Ghyangfedi was one of the areas most affected by the 2015 earthquake that devastated Nepal. More than 80 members of the Ghyangfedi community were killed in the earthquake, and every single building, including all schools and health facilities were destroyed. It was following the earthquake that Adara became involved with the village through the delivery of various forms of life-saving aid.
The Ghyangfedi community face many challenges, particularly in terms of literacy. Literacy in the village sits at just 10.6%. Adara is currently working with the community to try and address these challenges through the establishment of a new, earthquake-resistant school.
It is through this work that we met Prem – a Ghyangfedi local who had been working hard to bring education to his community long before the earthquake, and long before Adara’s involvement.
Growing up, Prem’s local school was shut down and used to store grass. This meant attending a school nearby wasn’t possible. Instead, Prem’s mother invited three teachers to live in their house at no cost, if they agreed to teach Prem.
When he got a bit older, Prem started school in Ramathi, a two and a half hour walk away. Prem’s mother sold her gold to fund his education and his father put nearly all money he earnt from carpentry to Prem’s schooling. Prem stayed at Ramathi until grade ten, at which time he went to Amrit Science College in Kathmandu.
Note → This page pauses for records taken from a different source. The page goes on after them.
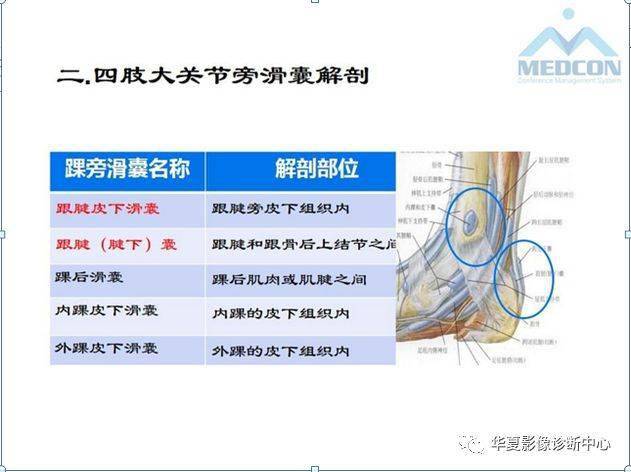 4大关节旁滑囊的精细解剖滑囊病变汇总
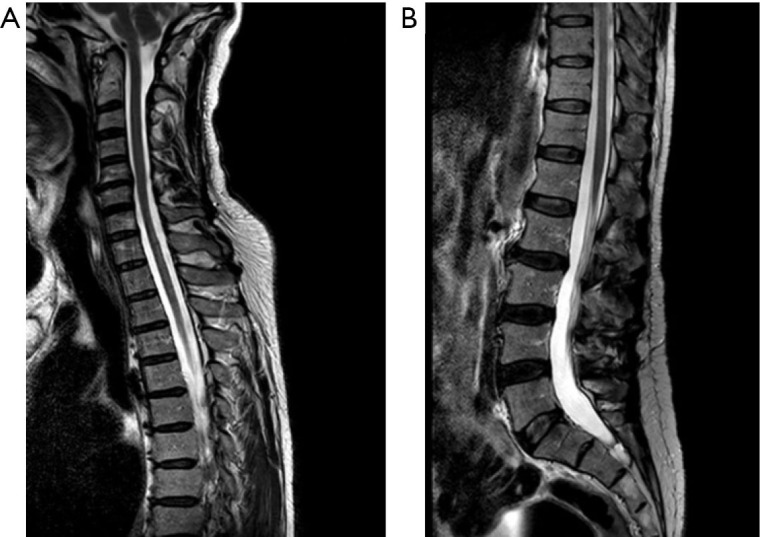 AQP4 antibody-seropositive neuromyelitis optica spectrum disorder in a patient with mixed connective tissue disease: a case report.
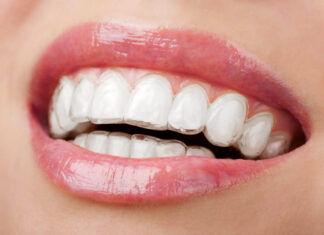 A Glimpse To Know The Solutions To Perfect Your Smile invisalign dentist berkshire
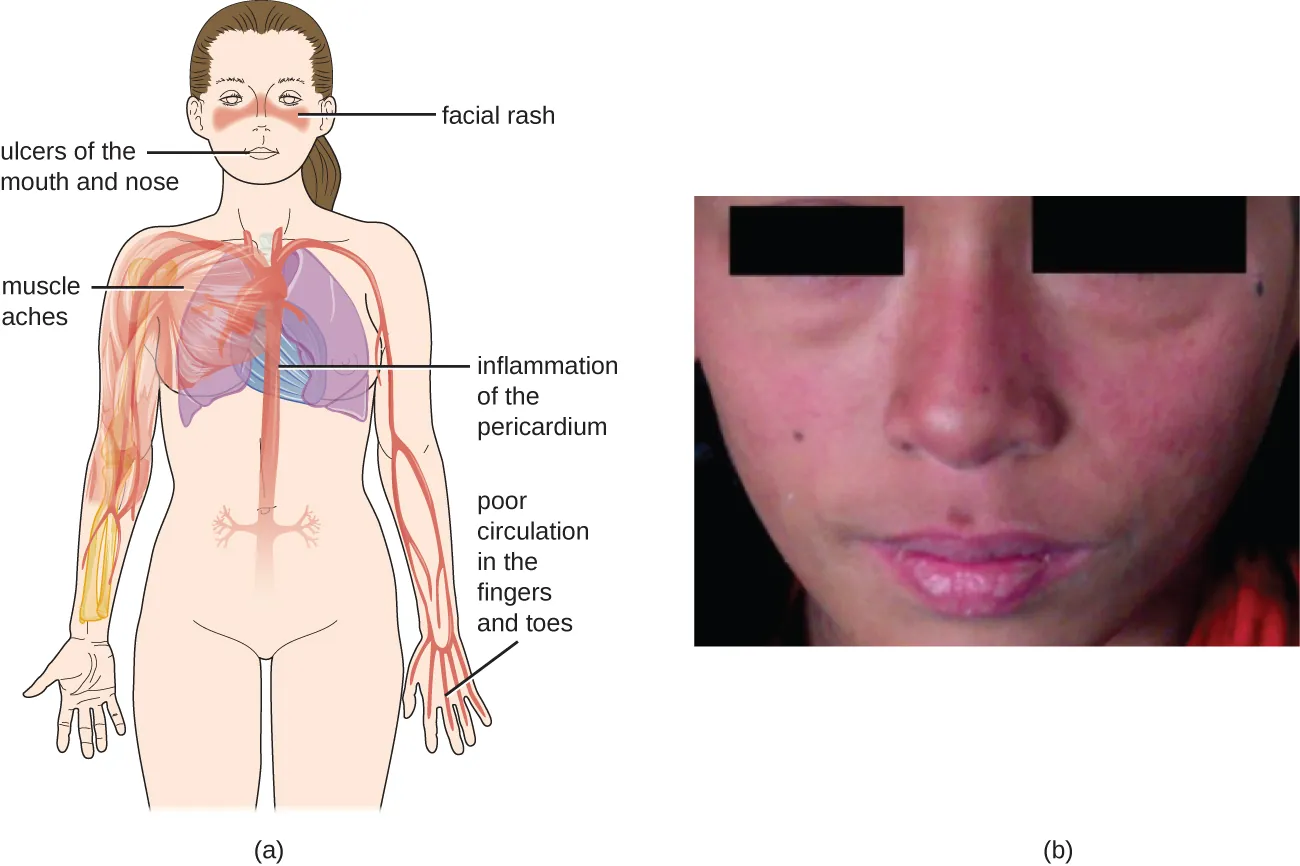 SLE symptoms. Description below.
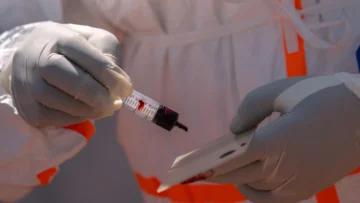 Francia detecta su primer caso de ébola en un médico que visitó la República Democrática del Congo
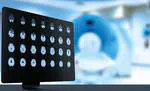 Scottish Medical Imaging Archive
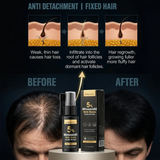 Kormesic 5% Minoxidil With Biotin Hair Regrowth Serum - 30ml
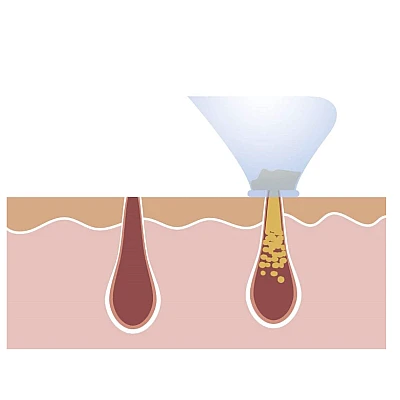 Aparat facial Derma Suction Curatitor ten cu vacum Aparat facial Derma Suction Curatitor ten cu vacum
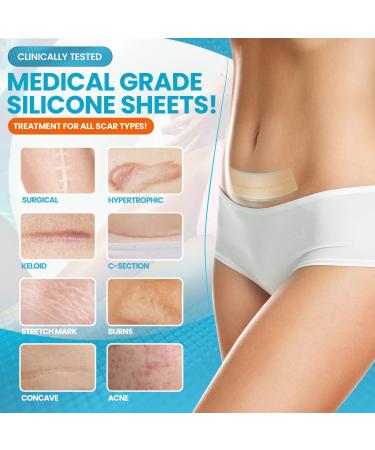 WONDERSCAR 10 Large Silicone Scar Sheets - Medical Grade Treatment for Keloid, C-Section, Burn, Stretch Marks & Acne - Reusable Gel Strips for Scar Removal - Buy Online on GoSupps.com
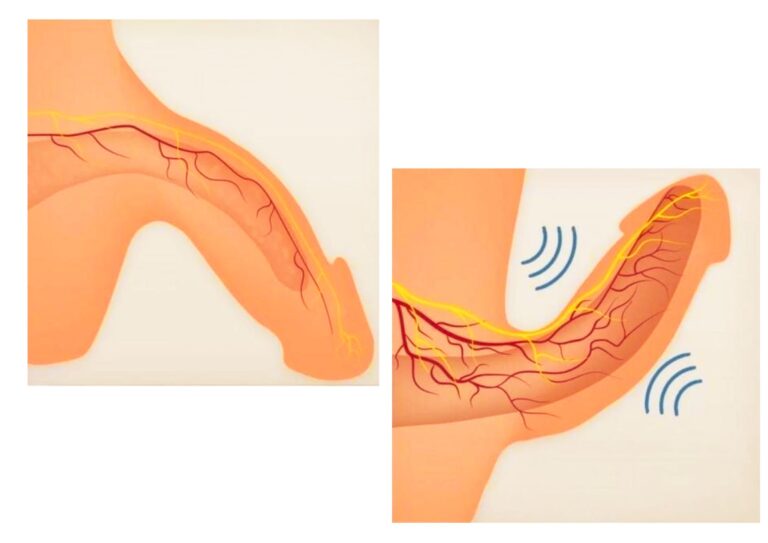 Fala uderzeniowa w leczeniu zaburzeń erekcji 
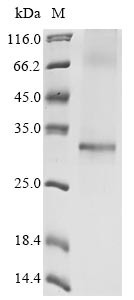 Apolipoprotein L domain-containing protein 1 (APOLD1), human, recombinant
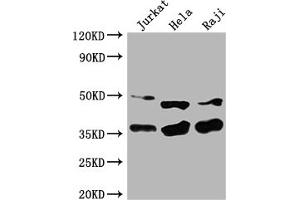 Western Blot Positive WB detected in: Jurkat whole cell lysate, Hela whole cell lysate, Raji whole cell lysate All lanes: NFKBIA antibody at 1:2000 Secondary Goat polyclonal to rabbit IgG at 1/50000 dilution Predicted band size: 36 kDa Observed band size: 36 kDa (NFKBIA anticorps  (AA 27-317))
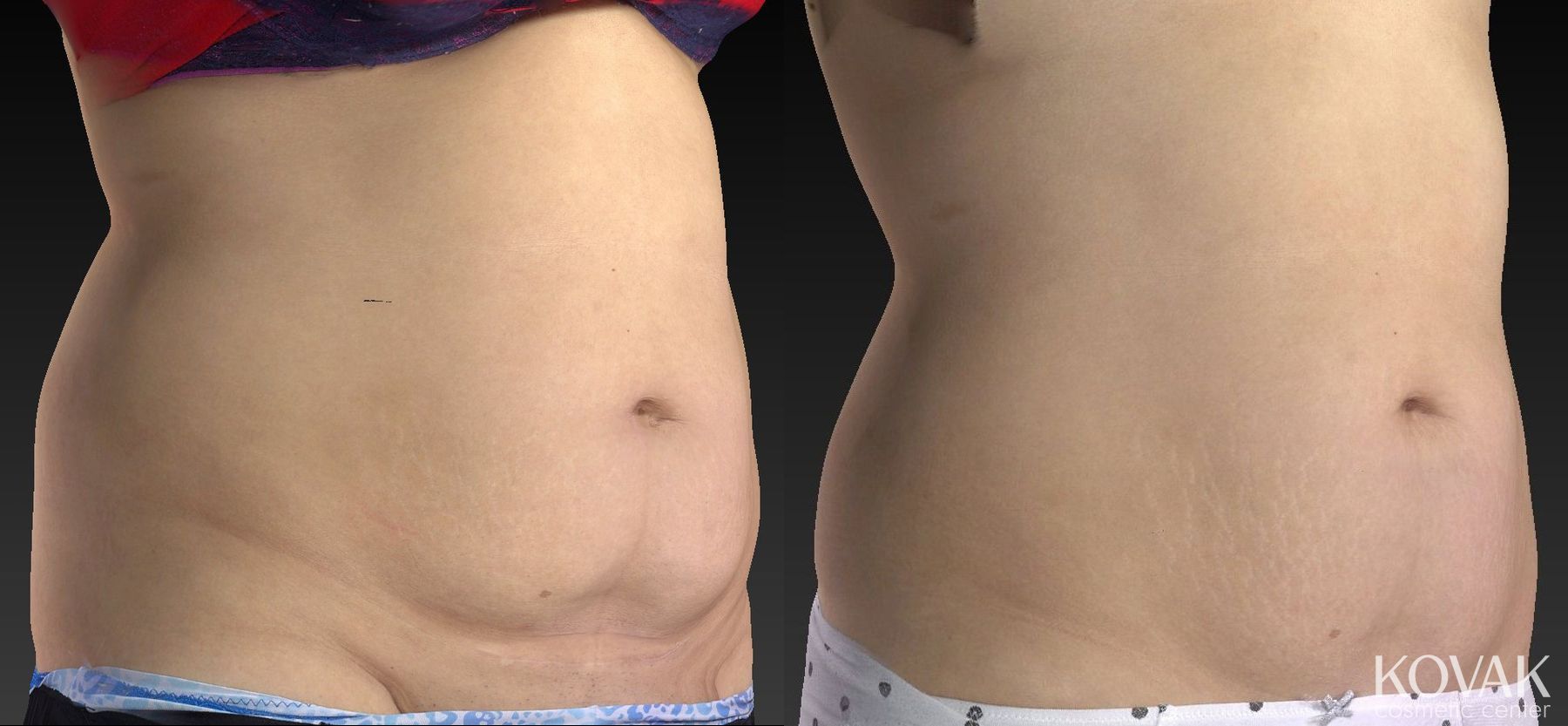 Before and after CoolSculpting® case 36602 - Angle 5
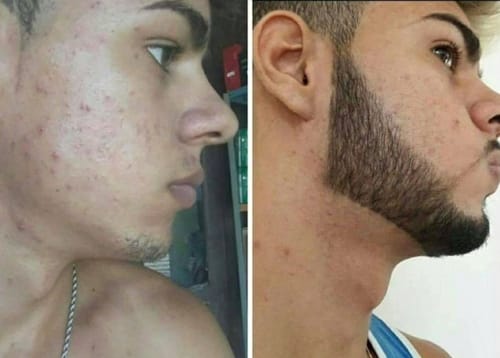 Foto de barba compartida por un usuario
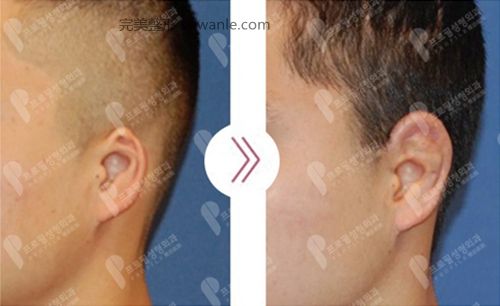 韩国profile普罗菲耳整形医院外耳廓畸形矫正案例
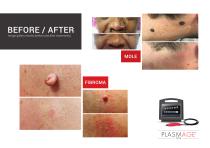 Plasmage SYSTEM - FDA USA-6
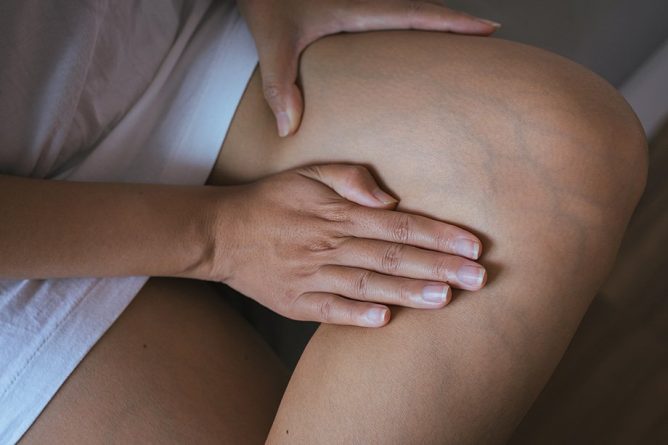 Spremembe na koži pri kronični venski bolezni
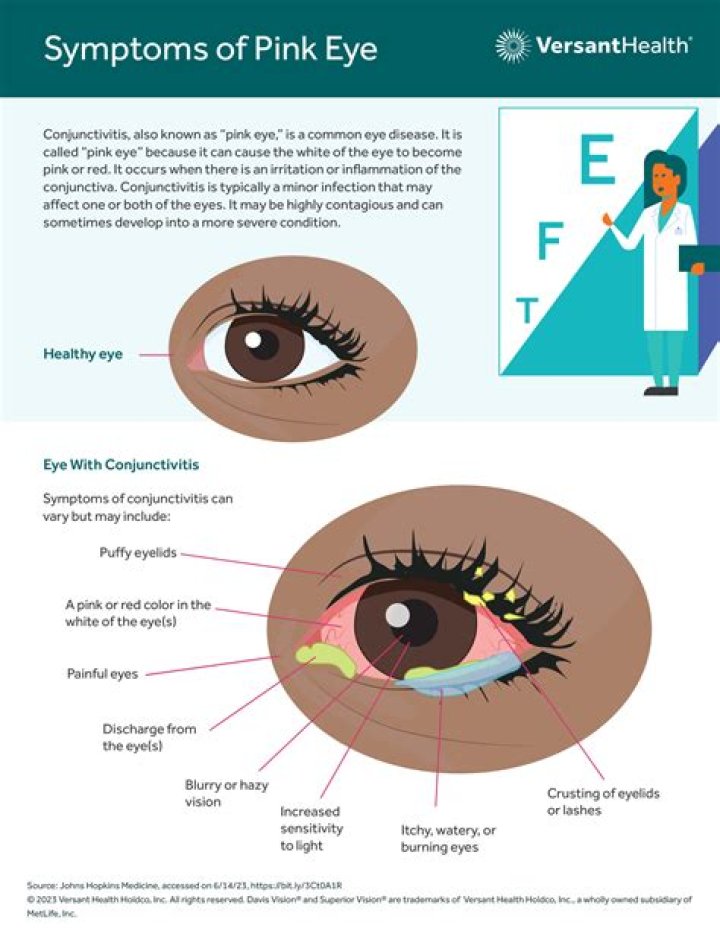 What is the pink part in the corner of your eye?
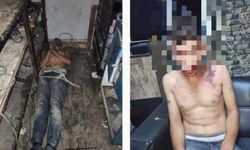 Şanlıurfa'da yevmiyesini isteyen işçiye işkence: Dişleri söküldü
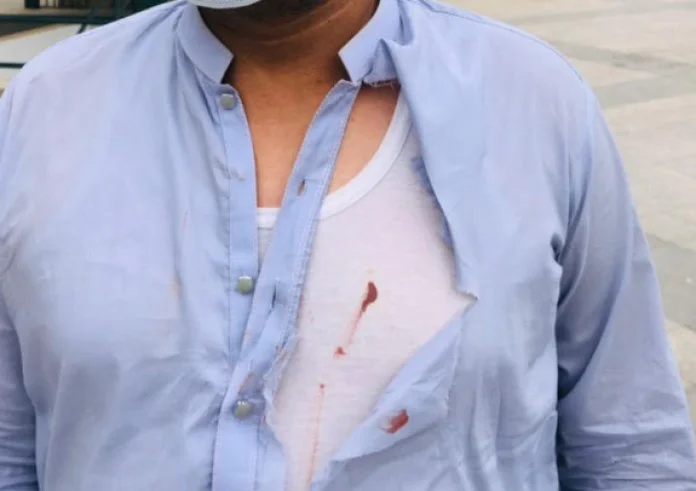 Έκαψαν το σπίτι μου, με έχουν μαχαιρώσει : Άγρια επίθεση σε τρανς γυναίκα στην Πάτρα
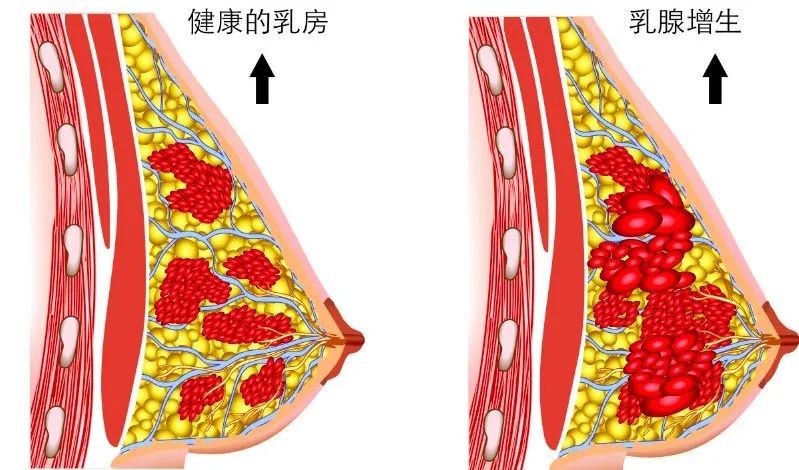 怎么丰胸安全又见效快不用吃药,丰胸除了按摩有什么方法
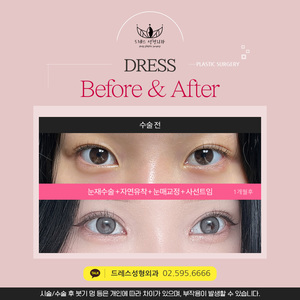 눈재수술 + 자연유착 + 눈매교정 + 사선트임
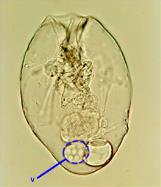 Zástupci vířníci - Rotifera buchanky - Copepoda perloočky - Cladocera Rotifera - vířníci Podobní nálevníkům, ale mnohobuněční Charakteristickými orgány jsou Vířivý orgán na přídi těla Mastax žvýkadlo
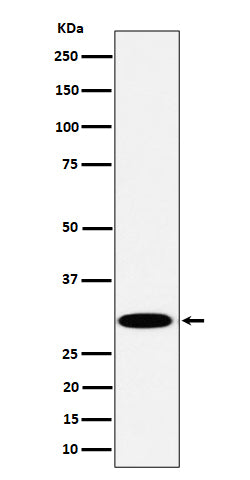 Western blot analysis of TPMT expression in Jurkat cell lysate.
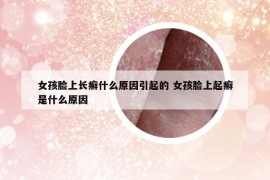 女孩臉上長癬什么原因引起的 女孩臉上起癬是什么原因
His family were unable to fund this education, so Prem taught in his apartment in the evening to pay his way.
Prem was the first university graduate in Ghyangfedi.
Prem’s experience of quality education is largely based upon sacrifices made by himself and his family; sacrifices of time, money, and space. But he was one of the lucky ones. For many years, countless children in Ghyangfedi have not had this option.
After his graduation, Prem returned to Ghyangfedi and was shocked by the poor conditions of the local schools, and decided to do what he could to improve it.
This was not an easy thing to do. Prem had no classroom, no money and no teachers. He visited families in the village who had children in school to see if anyone could afford to provide payment to assist with the establishment of a new school. With the help of an NGO, he was granted 6,000 shillings (US$57) per month. This, with the additional money contributed by local villagers, was enough funding to start a class. To make the funds stretch further, Prem took on a teaching position as a volunteer. Prem was dedicated. He crafted materials himself; set squares, scales and rulers.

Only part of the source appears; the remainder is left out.